▶ Supplied material:
════════════════════
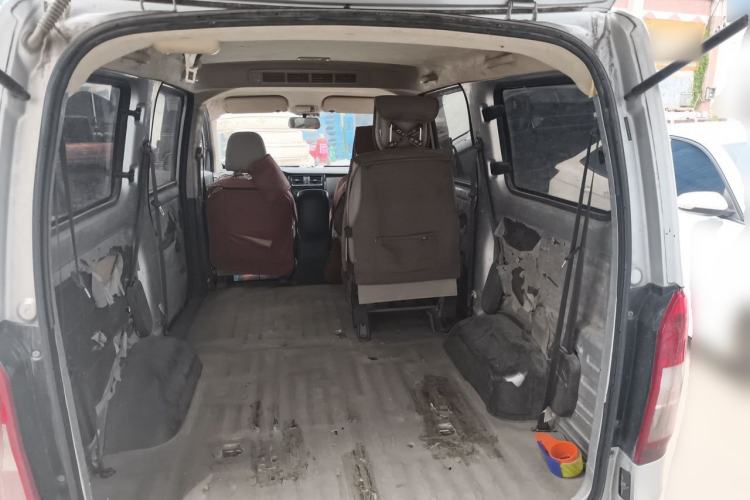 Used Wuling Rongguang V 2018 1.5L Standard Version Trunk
════════════════════
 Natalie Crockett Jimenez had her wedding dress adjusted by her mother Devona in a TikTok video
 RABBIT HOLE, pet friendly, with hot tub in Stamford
════════════════════
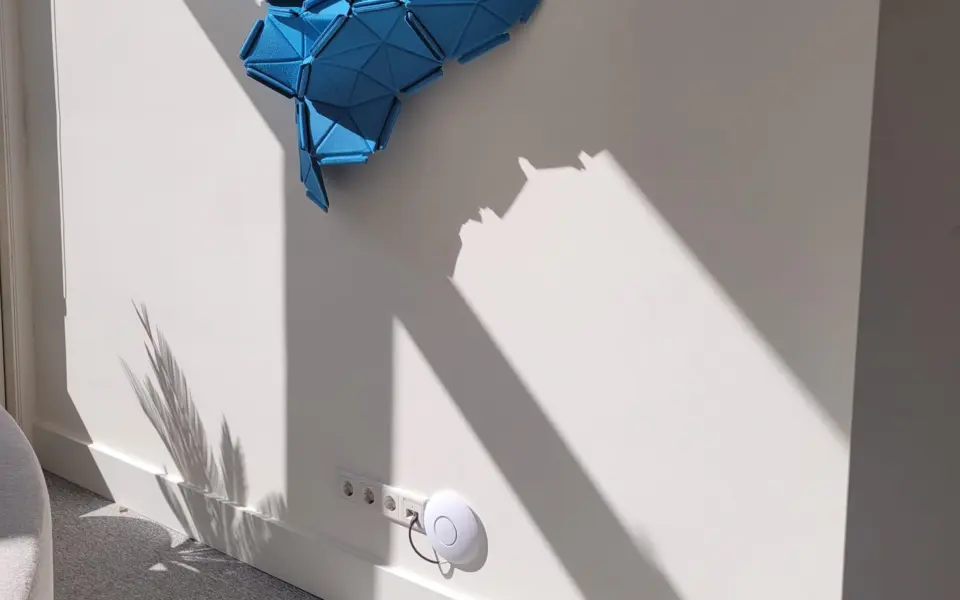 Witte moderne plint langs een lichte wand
════════════════════
▶ What is expected:
I'd like the lines above from the one with "Natalie Crockett Jimenez" up to and including the one with "RABBIT HOLE, pet" copied exactly, with no other lines.

▶ Solution to the exercise:
 Natalie Crockett Jimenez had her wedding dress adjusted by her mother Devona in a TikTok video
 RABBIT HOLE, pet friendly, with hot tub in Stamford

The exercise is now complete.